Whether it is The Twilight Players in a pub in Paharganj or the breakdancer in the ghats of Benaras, the filmmaker has a penchant for dancers popping up in unexpected places

Sankhayan Ghosh

In the song 'Paintra' from Anurag Kashyap's Mukkabaaz, playing currently in theatres, a guy (Ankit Singh) break-dances with abandon in the ghats of Benaras. It is a part of the film's hero Shravan Kumar's(Vineet Kumar Singh) training montage scene. It brings to mind the trio of dancers (Twilight Players) from Kashyap's 2009 film Dev.D. They groove coolly to the song 'Pardesi' in a neon-lit pub in Paharganj, Delhi, as Dev(Abhay Deol), the protagonist, in self-destructive mode, downs one tequila shot after another.

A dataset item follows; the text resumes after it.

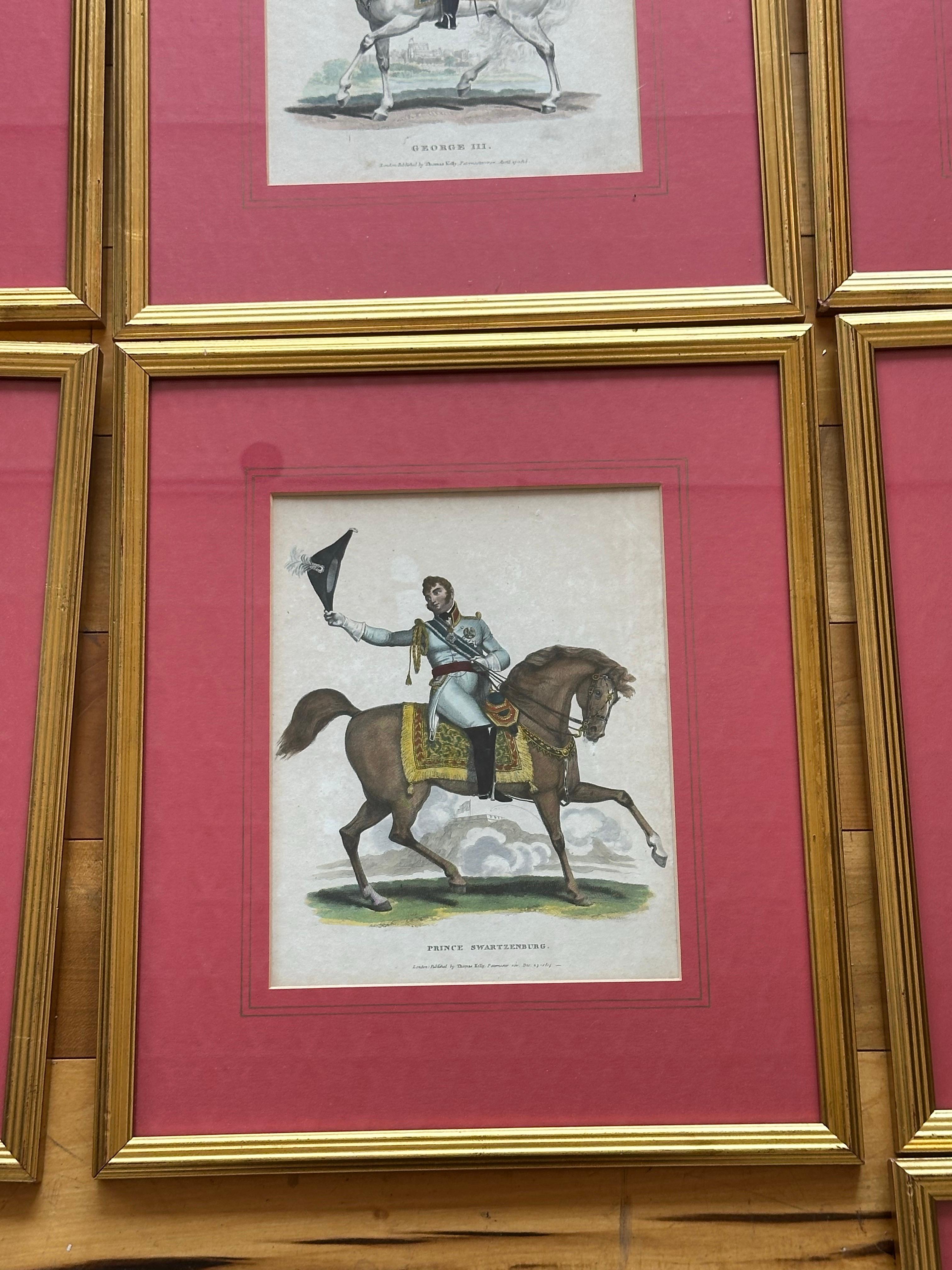 15 handkolorierte Stiche der wichtigsten Akteure der napoleonischen Kriege (Regency) im Angebot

The writer-director has always found ways to incorporate song and dance in his films that seem natural — whether it is Nawazuddin Siddiqui as the star singer of a brass band in Dev.D, and Mukkabaaz; or Piyush Mishra as Prithvi Bana, a jester who writes and sings politically charged songs in Gulaal; or the Mithun Chakraborty-impersonator in Gangs of Wasseypur 1These appearances are more realistic in the sense that they seem to be a part of the place the scenes are set in — a wedding, a funeral, an election campaign.

The "dancing characters" in 'Pardesi'(they appear later as well in the song 'Saali Khushi') and 'Paintra' are more otherworldly. They pop up in unexpected places, their roles in the narrative not so obvious: Singh, in T-shirt and track pants, befits a dance studio rather than the banks of the Ganges, and the three brothers from Dev.D, dressed in hats and three-piece suits, seem to have been transported from another place, another era. "Yes, those are spontaneous choices I make not because the film needs them but because I discovered them at last moment and somehow wanted to put them out there and improvise," says Kashyap.

During the filming of Mukkabaaz, Kashyap had found Singh rehearsing all by himself by the ghats in the evening. He had met The Twilight Players in London, hung out with them, saw their videos and decided to use them in Dev.D. "They just become, kind of, witnesses to the story," he says.